=== Supplied information ===
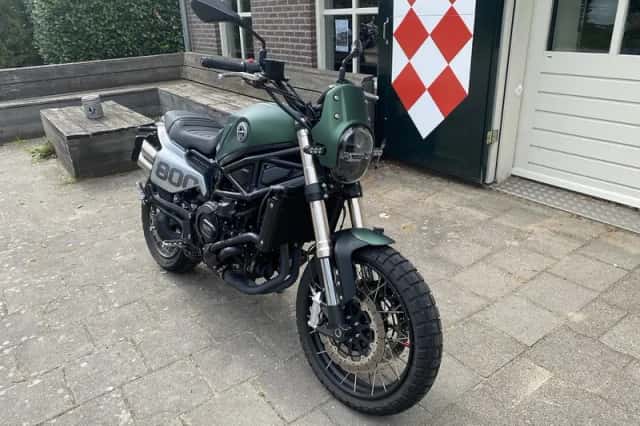 Benelli Leoncino 800 Trail (2022) thumbnail 2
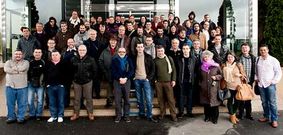Fot�grafos de toda Galicia se reunieron en el hotel Congreso, en Santiago.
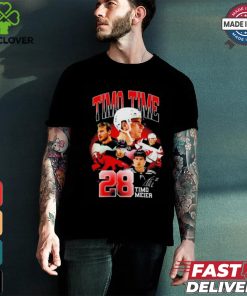 Timo Meier New Jersey Devils Timo Time signature shirt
===
The pictures are to be omitted, and the rest of the listing is to be transcribed exactly.

Your solution:
 Benelli Leoncino 800 Trail (2022) thumbnail 2
Fot�grafos de toda Galicia se reunieron en el hotel Congreso, en Santiago.
 Timo Meier New Jersey Devils Timo Time signature shirt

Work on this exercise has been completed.